Conhecido por ser um dos grandes entusiastas da magistratura gaúcha e nacional, Daiello se dedicou, nos últimos anos de vida, a estudar e a auxiliar na assistência a crianças com deficiências cerebrais e motoras graves e permanentes. Filho do também desembargador Maurílio Alves Daiello e de Jovita Guimarães, Daiello iniciou a carreira como oficial administrativo de 1951 a 1954. Em 1955, ingressou como pretor, jurisdicionando na comarca de Cachoeira do Sul. Aprovado no concurso para juiz de Direito em 1957, atuou nas comarcas de Tupanciretã, São Francisco de Paula, Caxias do Sul e Porto Alegre. Foi promovido ao Tribunal de Alçada em 1977 e a desembargador do Tribunal de Justiça em 1979, onde atuou na 1ª Câmara Cível e na 1ª Câmara Criminal. Exerceu a função de Corregedor-Geral da Justiça no biênio 1988/1989 e aposentou-se em 20 de dezembro de 1995. Em 1994, fundou o Instituto do Excepcional, localizado no bairro Partenon, que, por algum tempo, prestou relevantes serviços a crianças com deficiências cerebrais e motoras graves, deixado para publicação um livro inédito de pesquisas relacionadas ao tema. 

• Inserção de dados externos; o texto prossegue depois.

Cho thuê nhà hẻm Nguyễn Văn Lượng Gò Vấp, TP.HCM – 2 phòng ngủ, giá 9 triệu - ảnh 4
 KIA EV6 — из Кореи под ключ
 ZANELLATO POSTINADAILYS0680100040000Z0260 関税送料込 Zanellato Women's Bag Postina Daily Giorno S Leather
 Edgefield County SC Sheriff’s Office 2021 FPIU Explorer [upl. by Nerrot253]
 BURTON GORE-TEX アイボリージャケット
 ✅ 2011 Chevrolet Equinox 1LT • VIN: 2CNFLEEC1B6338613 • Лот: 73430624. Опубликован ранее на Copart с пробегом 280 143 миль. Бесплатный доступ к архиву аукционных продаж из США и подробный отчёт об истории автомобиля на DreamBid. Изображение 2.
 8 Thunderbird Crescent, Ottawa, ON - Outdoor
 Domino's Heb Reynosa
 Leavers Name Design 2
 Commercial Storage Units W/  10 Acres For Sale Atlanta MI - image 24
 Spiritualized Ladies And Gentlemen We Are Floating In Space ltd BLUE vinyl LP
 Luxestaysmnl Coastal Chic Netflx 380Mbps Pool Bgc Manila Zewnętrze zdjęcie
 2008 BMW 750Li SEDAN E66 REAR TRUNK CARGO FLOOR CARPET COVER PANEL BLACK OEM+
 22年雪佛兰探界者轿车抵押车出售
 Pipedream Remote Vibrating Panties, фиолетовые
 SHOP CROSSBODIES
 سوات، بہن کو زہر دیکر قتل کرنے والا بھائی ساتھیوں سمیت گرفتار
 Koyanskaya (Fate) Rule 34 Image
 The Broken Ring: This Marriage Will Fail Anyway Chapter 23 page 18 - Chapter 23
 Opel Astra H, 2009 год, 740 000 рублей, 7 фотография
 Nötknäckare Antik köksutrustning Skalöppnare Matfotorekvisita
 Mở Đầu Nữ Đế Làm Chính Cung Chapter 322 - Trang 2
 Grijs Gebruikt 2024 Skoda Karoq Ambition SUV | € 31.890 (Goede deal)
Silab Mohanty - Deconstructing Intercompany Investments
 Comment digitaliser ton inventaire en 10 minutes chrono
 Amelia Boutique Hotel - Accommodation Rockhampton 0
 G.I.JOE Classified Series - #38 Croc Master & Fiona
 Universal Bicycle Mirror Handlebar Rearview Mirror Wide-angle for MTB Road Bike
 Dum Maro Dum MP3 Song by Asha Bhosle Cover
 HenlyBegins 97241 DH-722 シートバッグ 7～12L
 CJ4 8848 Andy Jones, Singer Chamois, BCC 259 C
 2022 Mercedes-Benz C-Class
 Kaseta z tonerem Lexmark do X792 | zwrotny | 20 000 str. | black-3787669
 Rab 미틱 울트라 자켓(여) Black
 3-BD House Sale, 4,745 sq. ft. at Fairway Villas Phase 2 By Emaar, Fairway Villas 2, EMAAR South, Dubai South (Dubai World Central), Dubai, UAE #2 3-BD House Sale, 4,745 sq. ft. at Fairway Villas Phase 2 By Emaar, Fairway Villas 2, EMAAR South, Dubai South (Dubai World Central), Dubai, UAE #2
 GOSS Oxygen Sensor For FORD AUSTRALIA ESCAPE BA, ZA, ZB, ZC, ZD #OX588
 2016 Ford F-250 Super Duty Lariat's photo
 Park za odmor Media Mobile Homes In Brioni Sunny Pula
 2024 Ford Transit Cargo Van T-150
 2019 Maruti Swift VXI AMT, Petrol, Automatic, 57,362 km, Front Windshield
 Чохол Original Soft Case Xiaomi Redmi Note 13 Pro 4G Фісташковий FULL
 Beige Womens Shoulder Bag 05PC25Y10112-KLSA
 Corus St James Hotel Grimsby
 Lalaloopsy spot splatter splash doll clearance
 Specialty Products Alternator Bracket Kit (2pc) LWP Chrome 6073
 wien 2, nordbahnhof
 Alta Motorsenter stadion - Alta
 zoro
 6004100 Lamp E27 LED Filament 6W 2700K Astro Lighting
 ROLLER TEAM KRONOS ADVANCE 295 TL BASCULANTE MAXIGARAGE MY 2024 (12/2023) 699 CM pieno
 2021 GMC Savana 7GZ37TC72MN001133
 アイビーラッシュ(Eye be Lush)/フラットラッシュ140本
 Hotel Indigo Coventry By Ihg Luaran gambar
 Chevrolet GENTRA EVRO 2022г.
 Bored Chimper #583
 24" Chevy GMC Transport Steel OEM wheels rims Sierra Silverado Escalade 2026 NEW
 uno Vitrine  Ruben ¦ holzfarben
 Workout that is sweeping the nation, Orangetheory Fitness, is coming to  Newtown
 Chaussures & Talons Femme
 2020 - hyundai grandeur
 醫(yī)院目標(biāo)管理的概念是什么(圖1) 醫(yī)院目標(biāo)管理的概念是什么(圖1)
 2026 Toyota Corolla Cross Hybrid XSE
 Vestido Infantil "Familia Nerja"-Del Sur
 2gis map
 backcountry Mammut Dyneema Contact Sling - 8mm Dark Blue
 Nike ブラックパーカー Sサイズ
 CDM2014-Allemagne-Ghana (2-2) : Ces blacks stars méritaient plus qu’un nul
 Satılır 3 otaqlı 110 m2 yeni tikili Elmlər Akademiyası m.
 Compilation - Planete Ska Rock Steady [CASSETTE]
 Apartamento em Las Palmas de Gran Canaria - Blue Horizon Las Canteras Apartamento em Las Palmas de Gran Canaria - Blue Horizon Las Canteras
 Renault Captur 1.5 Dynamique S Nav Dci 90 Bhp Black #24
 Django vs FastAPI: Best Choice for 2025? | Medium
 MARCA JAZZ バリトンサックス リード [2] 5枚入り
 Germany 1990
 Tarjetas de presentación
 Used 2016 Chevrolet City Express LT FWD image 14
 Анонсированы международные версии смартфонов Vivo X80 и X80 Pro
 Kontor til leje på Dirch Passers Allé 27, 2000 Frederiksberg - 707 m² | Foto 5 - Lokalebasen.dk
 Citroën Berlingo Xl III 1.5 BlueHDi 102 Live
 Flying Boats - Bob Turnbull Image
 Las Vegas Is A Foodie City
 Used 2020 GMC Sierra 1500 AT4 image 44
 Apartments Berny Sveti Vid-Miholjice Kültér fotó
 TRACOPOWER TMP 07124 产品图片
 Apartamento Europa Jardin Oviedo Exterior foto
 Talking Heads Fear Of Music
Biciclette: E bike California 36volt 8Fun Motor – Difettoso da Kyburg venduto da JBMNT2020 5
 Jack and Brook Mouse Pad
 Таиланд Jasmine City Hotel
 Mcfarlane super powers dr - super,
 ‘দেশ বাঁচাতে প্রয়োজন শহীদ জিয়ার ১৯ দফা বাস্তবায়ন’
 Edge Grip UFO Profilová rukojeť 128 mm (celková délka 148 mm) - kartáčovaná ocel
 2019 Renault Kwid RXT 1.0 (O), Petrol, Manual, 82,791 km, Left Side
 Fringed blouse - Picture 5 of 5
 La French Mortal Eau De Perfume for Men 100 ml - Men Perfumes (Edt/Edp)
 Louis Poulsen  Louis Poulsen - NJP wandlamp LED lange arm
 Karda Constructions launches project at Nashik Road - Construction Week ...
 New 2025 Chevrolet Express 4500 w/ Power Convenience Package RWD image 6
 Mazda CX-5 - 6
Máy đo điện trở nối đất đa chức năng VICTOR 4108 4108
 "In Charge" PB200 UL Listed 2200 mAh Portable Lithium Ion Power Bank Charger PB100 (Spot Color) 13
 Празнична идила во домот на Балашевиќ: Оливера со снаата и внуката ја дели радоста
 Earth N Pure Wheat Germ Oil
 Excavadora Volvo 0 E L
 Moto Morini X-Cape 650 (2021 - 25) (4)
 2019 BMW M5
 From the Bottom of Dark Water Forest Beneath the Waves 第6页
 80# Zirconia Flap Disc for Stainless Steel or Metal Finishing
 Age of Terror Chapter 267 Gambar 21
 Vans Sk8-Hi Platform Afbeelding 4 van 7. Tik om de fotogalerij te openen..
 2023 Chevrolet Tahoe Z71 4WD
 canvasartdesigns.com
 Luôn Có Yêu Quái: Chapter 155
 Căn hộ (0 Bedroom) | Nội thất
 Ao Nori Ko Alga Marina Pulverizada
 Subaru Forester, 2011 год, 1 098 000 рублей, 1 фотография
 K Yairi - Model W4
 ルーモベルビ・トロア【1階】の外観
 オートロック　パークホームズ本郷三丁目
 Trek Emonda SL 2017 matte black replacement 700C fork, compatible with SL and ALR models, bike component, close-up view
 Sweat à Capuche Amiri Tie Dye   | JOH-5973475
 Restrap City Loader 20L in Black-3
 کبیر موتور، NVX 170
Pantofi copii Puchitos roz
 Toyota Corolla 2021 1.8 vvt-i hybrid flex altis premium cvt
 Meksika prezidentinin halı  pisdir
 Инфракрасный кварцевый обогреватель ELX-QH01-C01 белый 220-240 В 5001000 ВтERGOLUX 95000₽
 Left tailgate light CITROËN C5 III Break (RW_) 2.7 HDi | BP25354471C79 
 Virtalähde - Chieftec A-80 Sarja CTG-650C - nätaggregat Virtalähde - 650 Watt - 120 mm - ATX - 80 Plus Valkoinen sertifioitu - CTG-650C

Eu, jornalista Vitor Vieira, editor de Videversus, até hoje guardo as cópias de livro (desses usados para registro de atas de assembléias de condomínios) utilizado pela Ajuris (Associação dos Juízes do Rio Grande do Sul) para anotação das inscrições de juízes à tomada dos empréstimos altamente subsidiados obtidos na antiga e extinta Caixa Econômica Estadual. Esses empréstimos eram concedidos na proporção dos valores encaminhados pelos juízes para a conta de depósitos judiciais. Em uma época de inflação a mais de 80% ao mês, como acontecia no início da década de 80, os juízes tomadores dos empréstimos a custo zero saíam da agência bancária com a dívida já quitada. Foi assim que muitos construíram suas magnífícas casas, enviaram filhos e filhas para estudar na Europa e viajaram muito. Nesse livro estão as assinaturas de todos os juízes e desembargadores que pediram e obtiveram aquele dinheiro infame. Mais tarde o esse convênio foi anulado. 

Daiello, Ruy Rosado de Aguiar Junior e Luiz Francisco Correa Barbosa, naquele começo dos anos 80, começaram a dar aulas praticamente em um cúbiculo transformado em sala de aula, localizado no prédio da esquina da rua Jerônimo Coelho com a Praça da Matriz, em Porto Alegre. O prédio é conhecido até hoje como Forte Apache. Hoje é um lugar luxuoso, após uma intensa reforma, e pertence ao Ministério Público do Estado do Rio Grande do Sul. Quando Daiello, Ruy Rosado e Barbosa começaram a dar aulas no local, a sala ficava sobre as cavalariças do antigo Forte Apache. Ha muitas histórias indignas na magistratura gaúcha (como a daquele desembargador que assinava ordens de prisões políticas em branco em Bagé, nos primeiros tempos do regime militar, e que tomou uma bofetada na cara desferida por colega que o acusou disso, na salinha da sede da Ajuris no segundo andar do antigo Palácio de Justiça da capital gaúcha), mas certamente há muitas histórias de grande dignidade e de grandes serviços prestados à causa pública, à Justiça, no Rio Grande do Sul. E o nome de Cristovam Daiello deve ser inscrito nessa galeria.